Attitudes to women who commit crime have long prompted discussion, including the wonderfully misogynistic views of Otto Pollak. Writing in the 1950s and 1960s, Pollak believed female crime went under-reported and under-punished because women were more devious and better at concealing crime.

Also, he wrote, the innate chivalry of the men who ran the justice system meant women received more lenient treatment. Later, feminist writers countered by saying women who committed crime were seen as so deviant and so “unnatural” that they received harsher treatment than men.

I visited Dóchas some years ago, when overcrowding meant 90 prisoners instead of the 81 it was constructed for. Today, it sometimes houses 120 women.

The contrast between the bright, modern facilities for women and the literally Victorian conditions endured by men across the way was stark. Dóchas is immeasurably superior to the men’s facility, which is dirty, dangerous and drug-ridden.

It is often forgotten, though, that women endure unsuitable conditions in Limerick prison, spending 18 hours a day locked in their cramped cells. There are also enlightened and humane conditions for men, such as in the open prison at Shelton Abbey.

The problem is not that some women, or some men, have better conditions. It would be perverse to suggest progress would consist of treating them all equally badly. We need a humane system for all prisoners, and women provide a useful starting point.

The majority of women are imprisoned for non-violent crime, often poverty-related.

Baroness Jean Corston wrote a groundbreaking British report on women in prison. Much of it applies to Ireland. In 2008, at a seminar organised by the Jesuit Centre for Faith and Justice, she said: “To a startling extent, these women have experienced sexual abuse in childhood. We are rightly exercised about the perpetrators of child abuse, but seem slow to give serious attention to the fate of their victims. A disturbingly large number end up in prison.”

She said while men in prison often have a partner at home, women frequently do not. She painted a heartbreaking picture of women trying to do long-distance rearing using the tiny amount of phone time they are allowed.

In Ireland, we allow women to keep their babies for a year in prison, but children at home may end up being fostered or in care.

Numerous studies show female prisoners are also more likely than male prisoners to have a history of mental ill-health, to use more illegal drugs, to be on more prescribed medication and to have a history of unemployment.

In fairness, none of the organisations calling for an urgent review of conditions for women are suggesting things are hunky-dory for men. The problem is prison is a degrading experience for so many men and women. Prison should be reserved for serious crimes, whether by men or women. Our primary focus should be on prevention, on early intensive family and educational support, and on creating conditions where marriage is not a middle-class luxury.

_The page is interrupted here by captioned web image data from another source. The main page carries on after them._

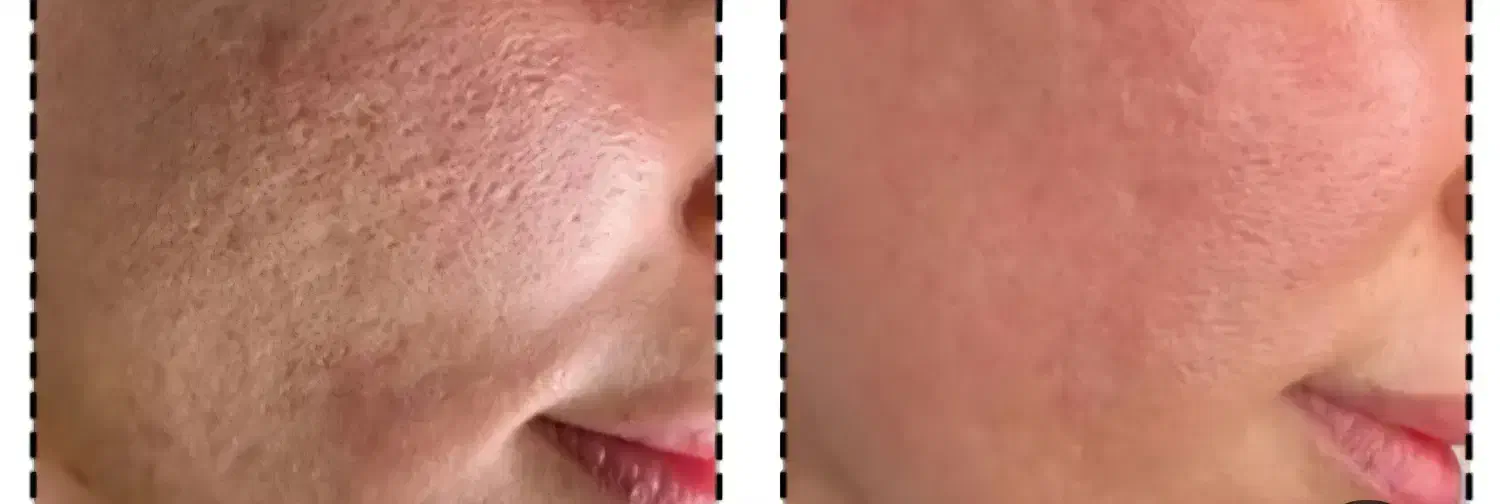 خال برداری ومزونیدلینگ وپلاسما|خدمات آرایشگری و زیبایی|قم, نیروگاه|دیوار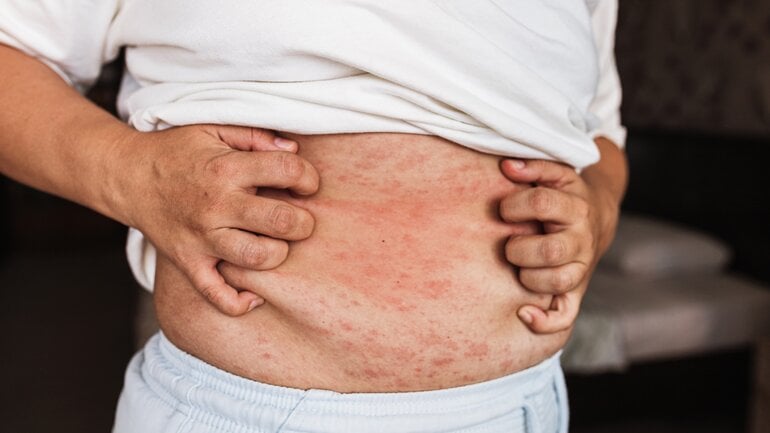 Brennen oder Schmerzgefühl: Symptome beim Toasted-Skin-Syndrom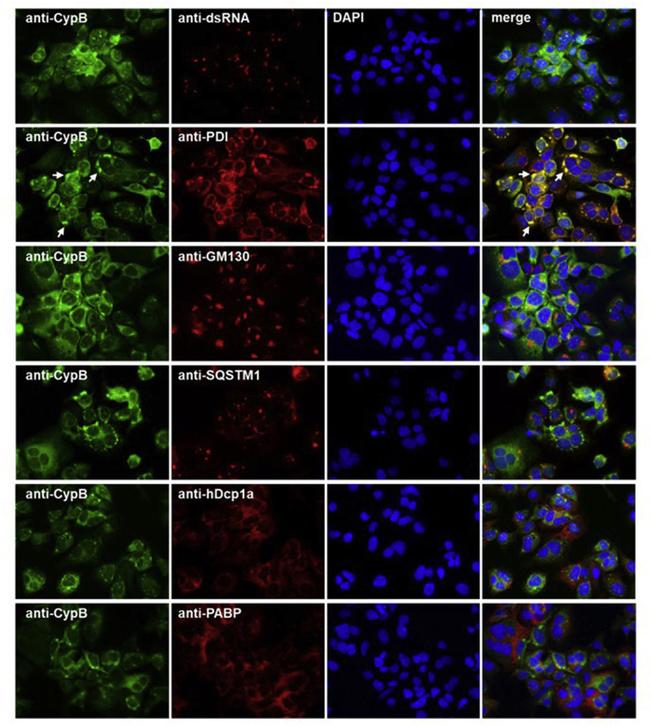 SQSTM1 Antibody in Immunocytochemistry (ICC/IF)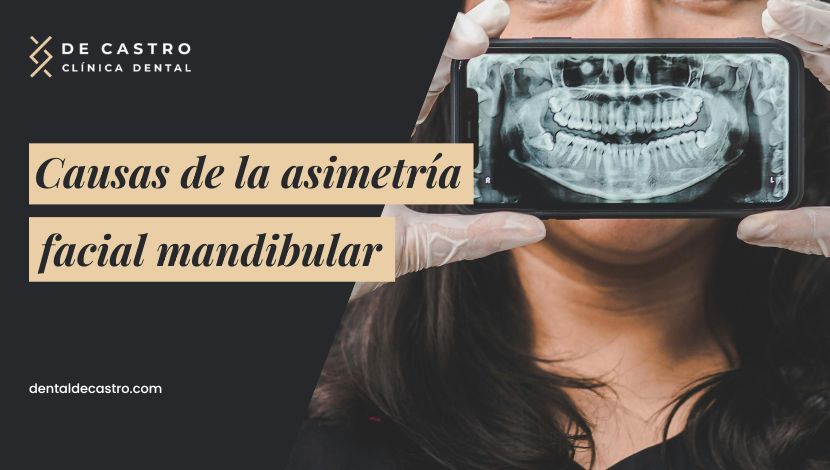 ¿Cuáles son las causas de la asimetría facial mandibular?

Scotland plans to phase out short sentences, replacing them with “constructive ways to compensate or repair harms caused by crime, including unpaid work, [and] engaging in rehabilitative work that benefits both victims and the community”.

Instead of planning mega-prisons like Thornton Hall, we should do the same. Looking at women is as good a place to start as any. Baroness Corston completed her work in nine months, at a cost of £70,000.

Eoin Carroll, acting director of the Jesuit Centre for Faith and Justice, suggested Geoghegan- Quinn’s gift could go to funding a review of women and prison. It sure as heck would beat funding another year for a prisoner.